August 16, 2019 | 12:31
Companies: #nvidia
Nvidia has issued its financial results for the second quarter of its early-by-the-calendar 2020 financial year, crowing of sequential growth in both its gaming and data centre businesses even as its overall revenue dropped 17 percent and its net income a massive 50 percent.
According to figures released by Nvidia late yesterday, the company closed the second quarter of its 2020 financial year with $2.579 billion in revenue - down 17 percent year-on-year, but up 16 percent quarter-on-quarter. Coupled with a 350 basis point drop in gross margin, from 63.3 percent in the second quarter of its 2019 financial year to 59.8 percent, and a 19 percent increase in operating expenses, the company's net income is down a whopping 50 percent year-on-year.
Nvidia founder and chief executive Jensen Huang, however, was upbeat. 'We achieved sequential growth across our platforms,' he claimed during the earnings call last night. 'Real-time ray tracing is the most important graphics innovation in a decade. Adoption has reached a tipping point, with Nvidia RTX leading the way. Nvidia-accelerated computing momentum continues to build as the industry races to enable the next frontier in artificial intelligence, conversational AI, as well as autonomous systems like self-driving vehicles and delivery robots.'
While Huang's commentary about the company's minority automotive business growing is most assuredly true, having jumped 26 percent quarter-on-quarter and 30 percent year-on-year, Nvidia's professional visualisation division was the only other to show year-on-year growth.

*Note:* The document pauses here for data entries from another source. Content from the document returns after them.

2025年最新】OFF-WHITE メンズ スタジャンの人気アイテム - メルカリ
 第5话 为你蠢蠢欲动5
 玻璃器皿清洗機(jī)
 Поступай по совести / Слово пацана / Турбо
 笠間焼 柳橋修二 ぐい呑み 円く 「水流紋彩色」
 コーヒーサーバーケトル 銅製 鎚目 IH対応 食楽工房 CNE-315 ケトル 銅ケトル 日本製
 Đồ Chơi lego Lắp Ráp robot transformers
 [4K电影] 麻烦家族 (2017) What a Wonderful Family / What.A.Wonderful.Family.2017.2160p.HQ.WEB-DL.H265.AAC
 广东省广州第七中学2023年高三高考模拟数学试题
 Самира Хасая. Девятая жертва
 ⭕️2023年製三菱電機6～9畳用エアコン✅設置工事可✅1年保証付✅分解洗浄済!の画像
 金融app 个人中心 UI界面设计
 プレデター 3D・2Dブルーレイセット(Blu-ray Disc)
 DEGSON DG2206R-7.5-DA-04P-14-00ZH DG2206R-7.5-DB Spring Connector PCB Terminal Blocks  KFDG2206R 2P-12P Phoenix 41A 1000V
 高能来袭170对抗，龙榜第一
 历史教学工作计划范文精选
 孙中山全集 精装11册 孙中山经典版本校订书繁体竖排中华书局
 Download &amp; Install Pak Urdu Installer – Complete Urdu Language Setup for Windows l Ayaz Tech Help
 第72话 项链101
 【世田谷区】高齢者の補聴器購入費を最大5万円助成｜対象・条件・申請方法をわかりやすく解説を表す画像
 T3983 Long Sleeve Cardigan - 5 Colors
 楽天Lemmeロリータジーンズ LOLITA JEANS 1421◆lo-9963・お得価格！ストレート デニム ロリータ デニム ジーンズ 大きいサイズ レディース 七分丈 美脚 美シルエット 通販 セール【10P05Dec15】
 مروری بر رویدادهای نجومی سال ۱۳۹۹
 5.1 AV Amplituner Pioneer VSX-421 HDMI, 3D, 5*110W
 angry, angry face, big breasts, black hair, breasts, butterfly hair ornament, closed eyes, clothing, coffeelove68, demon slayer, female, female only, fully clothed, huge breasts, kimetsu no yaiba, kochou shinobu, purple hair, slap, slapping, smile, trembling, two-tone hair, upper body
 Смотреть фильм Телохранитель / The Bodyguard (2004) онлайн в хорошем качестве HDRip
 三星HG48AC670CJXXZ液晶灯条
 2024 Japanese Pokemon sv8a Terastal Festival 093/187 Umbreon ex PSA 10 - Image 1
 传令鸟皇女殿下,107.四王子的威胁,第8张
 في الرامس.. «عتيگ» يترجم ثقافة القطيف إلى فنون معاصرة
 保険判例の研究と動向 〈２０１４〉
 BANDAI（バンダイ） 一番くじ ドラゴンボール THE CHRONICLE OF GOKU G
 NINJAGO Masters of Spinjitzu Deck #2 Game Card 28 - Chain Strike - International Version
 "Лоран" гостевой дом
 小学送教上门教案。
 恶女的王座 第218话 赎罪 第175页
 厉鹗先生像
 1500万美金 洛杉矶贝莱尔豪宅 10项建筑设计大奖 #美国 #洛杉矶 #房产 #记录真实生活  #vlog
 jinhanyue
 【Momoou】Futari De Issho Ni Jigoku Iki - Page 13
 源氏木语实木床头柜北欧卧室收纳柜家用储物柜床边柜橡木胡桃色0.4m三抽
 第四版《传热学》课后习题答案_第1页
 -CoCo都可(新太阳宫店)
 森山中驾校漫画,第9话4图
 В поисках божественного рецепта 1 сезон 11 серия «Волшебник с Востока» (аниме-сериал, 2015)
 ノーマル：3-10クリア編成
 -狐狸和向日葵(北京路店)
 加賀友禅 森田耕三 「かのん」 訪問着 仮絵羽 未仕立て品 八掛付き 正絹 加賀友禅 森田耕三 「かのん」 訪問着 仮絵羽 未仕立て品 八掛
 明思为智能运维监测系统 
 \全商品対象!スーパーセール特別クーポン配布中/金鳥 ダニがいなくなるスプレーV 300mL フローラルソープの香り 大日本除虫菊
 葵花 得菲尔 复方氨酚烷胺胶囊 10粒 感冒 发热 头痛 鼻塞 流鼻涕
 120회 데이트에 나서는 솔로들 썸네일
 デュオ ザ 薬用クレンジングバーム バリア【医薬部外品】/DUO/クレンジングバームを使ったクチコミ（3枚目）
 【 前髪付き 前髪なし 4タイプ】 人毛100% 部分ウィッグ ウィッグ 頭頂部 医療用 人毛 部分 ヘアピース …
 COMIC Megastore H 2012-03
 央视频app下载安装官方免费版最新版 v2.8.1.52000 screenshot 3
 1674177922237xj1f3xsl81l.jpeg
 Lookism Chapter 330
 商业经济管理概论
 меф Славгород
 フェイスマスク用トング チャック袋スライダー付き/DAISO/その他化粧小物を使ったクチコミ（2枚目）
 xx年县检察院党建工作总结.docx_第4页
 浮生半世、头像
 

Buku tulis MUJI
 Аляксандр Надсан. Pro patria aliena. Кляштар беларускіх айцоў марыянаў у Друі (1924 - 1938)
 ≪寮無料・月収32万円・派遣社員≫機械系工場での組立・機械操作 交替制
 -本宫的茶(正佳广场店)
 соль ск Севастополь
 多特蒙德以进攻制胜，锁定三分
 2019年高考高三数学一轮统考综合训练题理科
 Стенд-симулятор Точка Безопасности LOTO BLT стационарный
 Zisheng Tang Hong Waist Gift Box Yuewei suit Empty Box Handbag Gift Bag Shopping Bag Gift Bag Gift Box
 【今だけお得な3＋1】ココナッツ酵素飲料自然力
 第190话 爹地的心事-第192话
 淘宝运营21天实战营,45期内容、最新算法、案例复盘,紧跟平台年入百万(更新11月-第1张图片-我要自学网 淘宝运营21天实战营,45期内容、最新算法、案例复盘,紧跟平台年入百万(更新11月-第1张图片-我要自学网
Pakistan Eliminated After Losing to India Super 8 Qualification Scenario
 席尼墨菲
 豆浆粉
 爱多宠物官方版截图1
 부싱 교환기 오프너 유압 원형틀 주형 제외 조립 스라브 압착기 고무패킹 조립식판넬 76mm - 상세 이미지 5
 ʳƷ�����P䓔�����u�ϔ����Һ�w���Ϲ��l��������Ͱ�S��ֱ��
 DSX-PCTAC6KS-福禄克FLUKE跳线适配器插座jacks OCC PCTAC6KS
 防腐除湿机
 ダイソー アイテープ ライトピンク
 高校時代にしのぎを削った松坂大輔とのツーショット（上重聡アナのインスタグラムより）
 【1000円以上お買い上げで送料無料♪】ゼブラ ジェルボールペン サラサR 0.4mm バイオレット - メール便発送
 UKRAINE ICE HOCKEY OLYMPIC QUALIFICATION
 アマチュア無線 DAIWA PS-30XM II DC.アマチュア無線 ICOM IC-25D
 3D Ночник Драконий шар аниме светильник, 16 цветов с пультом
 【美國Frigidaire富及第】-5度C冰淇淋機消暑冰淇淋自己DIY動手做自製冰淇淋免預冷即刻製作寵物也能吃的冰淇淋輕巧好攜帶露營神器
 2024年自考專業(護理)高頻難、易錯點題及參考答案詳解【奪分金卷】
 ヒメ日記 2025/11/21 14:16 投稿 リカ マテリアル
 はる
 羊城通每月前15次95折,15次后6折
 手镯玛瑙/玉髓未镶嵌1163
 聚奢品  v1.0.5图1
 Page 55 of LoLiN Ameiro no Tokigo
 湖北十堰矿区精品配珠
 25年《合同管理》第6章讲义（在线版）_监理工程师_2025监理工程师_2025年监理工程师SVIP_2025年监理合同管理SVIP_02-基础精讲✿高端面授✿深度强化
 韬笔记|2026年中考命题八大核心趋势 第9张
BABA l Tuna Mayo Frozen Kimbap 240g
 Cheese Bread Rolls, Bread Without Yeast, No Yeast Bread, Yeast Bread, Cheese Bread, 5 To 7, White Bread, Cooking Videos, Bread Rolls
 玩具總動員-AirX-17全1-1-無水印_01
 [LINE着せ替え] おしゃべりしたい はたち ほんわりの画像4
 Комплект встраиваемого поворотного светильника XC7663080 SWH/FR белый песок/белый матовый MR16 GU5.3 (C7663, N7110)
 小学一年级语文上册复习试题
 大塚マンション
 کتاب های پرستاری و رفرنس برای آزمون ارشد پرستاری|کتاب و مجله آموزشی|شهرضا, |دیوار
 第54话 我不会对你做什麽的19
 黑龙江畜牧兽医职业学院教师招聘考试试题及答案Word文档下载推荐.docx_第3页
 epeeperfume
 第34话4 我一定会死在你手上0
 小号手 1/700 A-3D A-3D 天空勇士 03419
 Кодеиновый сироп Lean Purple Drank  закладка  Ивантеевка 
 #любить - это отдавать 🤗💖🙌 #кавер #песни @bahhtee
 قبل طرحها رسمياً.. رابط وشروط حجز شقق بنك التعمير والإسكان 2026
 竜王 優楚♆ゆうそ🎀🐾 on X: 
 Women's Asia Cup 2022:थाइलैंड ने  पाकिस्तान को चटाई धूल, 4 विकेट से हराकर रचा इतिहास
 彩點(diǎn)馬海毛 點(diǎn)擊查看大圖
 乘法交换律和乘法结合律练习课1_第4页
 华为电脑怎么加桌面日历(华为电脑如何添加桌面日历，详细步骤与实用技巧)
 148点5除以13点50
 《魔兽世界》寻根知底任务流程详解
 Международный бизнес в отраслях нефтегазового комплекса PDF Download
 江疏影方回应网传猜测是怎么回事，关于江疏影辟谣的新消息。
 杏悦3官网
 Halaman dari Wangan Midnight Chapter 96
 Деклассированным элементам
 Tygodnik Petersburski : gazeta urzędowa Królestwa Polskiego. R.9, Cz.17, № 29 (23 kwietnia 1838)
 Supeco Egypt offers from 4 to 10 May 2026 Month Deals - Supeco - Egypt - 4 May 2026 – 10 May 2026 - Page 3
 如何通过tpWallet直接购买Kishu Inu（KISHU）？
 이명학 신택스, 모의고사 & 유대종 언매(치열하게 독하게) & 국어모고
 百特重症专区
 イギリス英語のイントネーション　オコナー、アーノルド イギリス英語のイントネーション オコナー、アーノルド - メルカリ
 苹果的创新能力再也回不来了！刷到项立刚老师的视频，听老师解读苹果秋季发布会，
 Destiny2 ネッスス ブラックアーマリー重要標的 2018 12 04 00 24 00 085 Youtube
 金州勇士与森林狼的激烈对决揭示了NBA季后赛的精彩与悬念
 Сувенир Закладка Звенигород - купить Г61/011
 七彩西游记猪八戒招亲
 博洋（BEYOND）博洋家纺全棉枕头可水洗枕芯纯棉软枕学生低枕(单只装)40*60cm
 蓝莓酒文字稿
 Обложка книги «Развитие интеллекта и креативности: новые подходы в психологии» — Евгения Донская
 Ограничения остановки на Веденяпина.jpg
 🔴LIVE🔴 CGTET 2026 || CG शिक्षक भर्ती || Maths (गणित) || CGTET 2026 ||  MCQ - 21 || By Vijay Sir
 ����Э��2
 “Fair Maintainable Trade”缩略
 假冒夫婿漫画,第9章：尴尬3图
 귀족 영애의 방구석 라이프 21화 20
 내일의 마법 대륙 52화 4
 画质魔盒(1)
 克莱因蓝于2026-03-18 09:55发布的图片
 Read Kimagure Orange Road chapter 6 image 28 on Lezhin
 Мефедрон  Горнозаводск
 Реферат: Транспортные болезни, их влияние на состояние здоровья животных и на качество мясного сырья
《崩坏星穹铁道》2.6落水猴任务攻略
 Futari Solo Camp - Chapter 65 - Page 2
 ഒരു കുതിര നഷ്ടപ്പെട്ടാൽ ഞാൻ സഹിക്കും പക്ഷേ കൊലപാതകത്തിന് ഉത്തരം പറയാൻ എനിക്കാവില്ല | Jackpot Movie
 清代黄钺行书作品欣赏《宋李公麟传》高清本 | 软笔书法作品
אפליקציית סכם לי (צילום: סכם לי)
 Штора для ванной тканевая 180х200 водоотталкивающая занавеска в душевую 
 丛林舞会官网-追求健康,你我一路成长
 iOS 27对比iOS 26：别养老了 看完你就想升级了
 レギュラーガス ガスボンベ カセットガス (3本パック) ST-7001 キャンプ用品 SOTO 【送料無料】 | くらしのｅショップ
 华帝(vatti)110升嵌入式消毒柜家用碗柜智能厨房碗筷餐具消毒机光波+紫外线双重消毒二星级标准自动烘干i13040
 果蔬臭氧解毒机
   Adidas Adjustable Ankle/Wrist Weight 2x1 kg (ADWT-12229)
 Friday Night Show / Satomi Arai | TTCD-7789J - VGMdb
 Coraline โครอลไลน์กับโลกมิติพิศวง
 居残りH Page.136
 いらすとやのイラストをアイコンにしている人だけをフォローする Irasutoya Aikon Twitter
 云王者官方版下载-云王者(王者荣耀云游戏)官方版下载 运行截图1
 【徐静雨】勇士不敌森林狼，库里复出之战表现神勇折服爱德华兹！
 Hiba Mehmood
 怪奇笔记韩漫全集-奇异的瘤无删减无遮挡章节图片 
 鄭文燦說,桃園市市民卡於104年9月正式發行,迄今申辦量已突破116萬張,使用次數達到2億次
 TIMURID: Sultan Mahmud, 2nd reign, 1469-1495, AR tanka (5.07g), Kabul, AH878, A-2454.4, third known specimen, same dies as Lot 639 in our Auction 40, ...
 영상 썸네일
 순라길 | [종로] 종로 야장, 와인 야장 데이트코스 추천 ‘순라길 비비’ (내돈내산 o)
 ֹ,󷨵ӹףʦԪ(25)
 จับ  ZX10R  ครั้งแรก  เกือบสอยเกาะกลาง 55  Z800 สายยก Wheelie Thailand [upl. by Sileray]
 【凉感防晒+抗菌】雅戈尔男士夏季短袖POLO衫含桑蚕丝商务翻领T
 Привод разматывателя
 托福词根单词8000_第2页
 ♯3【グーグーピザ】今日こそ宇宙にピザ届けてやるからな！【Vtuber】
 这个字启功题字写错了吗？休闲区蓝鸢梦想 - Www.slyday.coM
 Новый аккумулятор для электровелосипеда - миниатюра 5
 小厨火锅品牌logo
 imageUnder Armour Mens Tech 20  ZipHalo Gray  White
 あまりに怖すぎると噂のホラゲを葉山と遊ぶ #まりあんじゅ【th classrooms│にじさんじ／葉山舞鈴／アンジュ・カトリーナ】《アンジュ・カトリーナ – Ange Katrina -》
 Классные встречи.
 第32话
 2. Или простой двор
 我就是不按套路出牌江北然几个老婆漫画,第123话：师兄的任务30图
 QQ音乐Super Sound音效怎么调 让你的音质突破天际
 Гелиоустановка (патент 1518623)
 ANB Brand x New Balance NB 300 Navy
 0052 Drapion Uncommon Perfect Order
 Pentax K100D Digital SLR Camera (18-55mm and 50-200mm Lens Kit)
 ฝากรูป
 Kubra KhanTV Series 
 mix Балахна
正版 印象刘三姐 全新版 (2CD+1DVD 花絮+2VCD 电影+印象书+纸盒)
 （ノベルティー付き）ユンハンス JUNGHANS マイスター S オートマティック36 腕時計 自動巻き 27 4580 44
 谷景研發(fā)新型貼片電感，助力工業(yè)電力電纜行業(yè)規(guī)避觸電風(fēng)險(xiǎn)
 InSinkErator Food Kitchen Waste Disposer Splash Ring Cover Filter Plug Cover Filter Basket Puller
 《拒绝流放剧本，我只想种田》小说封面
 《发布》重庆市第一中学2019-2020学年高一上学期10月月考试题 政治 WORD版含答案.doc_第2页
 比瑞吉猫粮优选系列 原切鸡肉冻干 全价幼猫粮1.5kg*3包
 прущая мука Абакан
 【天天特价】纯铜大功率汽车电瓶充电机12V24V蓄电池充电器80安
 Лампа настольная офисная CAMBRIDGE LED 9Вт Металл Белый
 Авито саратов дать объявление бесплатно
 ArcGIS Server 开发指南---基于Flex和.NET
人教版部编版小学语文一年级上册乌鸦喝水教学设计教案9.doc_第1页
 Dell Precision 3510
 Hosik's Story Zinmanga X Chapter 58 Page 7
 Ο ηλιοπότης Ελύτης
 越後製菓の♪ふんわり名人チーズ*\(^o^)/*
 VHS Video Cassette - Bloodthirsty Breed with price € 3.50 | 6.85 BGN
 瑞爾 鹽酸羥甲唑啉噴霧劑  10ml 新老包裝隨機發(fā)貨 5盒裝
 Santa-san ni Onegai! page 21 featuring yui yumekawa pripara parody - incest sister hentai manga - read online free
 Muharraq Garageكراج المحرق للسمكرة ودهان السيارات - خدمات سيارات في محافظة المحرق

Gaming, which represents the overwhelming majority of the company's income, dropped 27 percent compared to the same quarter last year, while its data centre division fell 14 percent while its general 'OEM and Other' reporting category fell four percent.
Despite these declines, investors appear pleased - thanks in no small part by expectations for growth having been considerably lower: The company's share price closed down 0.87 percent on predicted poor results, then shot up 5.95 percent in after-hours trading - not enough, sadly, to reverse the company's downward one- and six-month pricing trend.